Women denied access to an abortion were more likely to raise the child alone, without the support of family members or partners, and were more likely to stay in contact with an abusive partner. They were also three times more likely to be unemployed. They had four times greater odds of living below the federal poverty line and were more likely to report not being able to afford basic living needs.

Foster said the national conversation about this public health issue remains stuck on ideological and political considerations.

“The debate about abortion rarely focuses on what happens to the pregnant person,” Foster said. “It’s framed as an abstract moral question in which everyone else weighs in without considering why someone would be in the circumstances where they want an abortion.”

UCSF has long championed reproductive health care access, even before Roe v.
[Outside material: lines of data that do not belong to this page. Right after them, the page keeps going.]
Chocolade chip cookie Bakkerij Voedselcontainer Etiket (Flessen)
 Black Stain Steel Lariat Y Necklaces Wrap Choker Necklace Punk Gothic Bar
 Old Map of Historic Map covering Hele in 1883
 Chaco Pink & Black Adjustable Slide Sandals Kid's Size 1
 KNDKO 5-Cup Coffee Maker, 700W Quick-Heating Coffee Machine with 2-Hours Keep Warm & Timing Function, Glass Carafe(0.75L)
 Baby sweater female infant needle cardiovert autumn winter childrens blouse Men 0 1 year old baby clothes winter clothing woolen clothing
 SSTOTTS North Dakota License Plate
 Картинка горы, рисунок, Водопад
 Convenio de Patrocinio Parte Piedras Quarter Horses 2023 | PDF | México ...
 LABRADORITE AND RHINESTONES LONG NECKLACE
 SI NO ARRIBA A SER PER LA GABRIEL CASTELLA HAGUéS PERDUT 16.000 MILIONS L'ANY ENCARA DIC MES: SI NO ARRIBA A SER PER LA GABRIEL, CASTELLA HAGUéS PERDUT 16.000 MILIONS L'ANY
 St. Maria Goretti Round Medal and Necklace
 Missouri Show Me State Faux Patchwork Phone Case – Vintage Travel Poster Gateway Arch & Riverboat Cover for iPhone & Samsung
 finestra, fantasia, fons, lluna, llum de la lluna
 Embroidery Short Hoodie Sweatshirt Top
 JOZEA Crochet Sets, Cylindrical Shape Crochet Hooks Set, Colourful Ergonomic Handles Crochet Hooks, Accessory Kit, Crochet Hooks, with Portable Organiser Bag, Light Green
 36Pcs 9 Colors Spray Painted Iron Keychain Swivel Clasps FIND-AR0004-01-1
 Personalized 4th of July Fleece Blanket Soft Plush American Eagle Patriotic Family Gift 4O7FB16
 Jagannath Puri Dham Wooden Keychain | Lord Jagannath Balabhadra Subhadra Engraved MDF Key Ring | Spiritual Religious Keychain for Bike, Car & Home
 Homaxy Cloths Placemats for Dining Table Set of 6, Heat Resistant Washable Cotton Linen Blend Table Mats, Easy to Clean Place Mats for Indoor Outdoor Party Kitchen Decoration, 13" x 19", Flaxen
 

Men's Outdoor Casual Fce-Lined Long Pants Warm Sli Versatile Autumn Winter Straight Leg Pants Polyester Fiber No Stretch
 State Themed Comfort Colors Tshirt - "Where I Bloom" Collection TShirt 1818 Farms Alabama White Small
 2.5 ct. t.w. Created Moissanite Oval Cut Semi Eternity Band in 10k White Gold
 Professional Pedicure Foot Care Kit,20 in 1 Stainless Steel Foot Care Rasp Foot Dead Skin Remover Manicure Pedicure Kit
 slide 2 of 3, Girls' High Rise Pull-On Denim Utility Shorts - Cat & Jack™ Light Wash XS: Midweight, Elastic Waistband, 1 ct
Wade became law in 1973.

In a message to the UCSF community about the Supreme Court’s recent ruling, Chancellor Sam Hawgood, said the ruling “stands in stark contrast to our belief that every person has a fundamental right to make their own informed decisions about their health care.”

Daniel Grossman, UCSF professor of Obstetrics, Gynecology, and Reproductive Sciences, said, “this is also an issue of basic human rights.”

“UCSF has a really important role to play. I’m really thrilled to be at an institution that is brave in this area and stands up and will be that loud, evidence-based voice for freedom of choice,” Grossman said.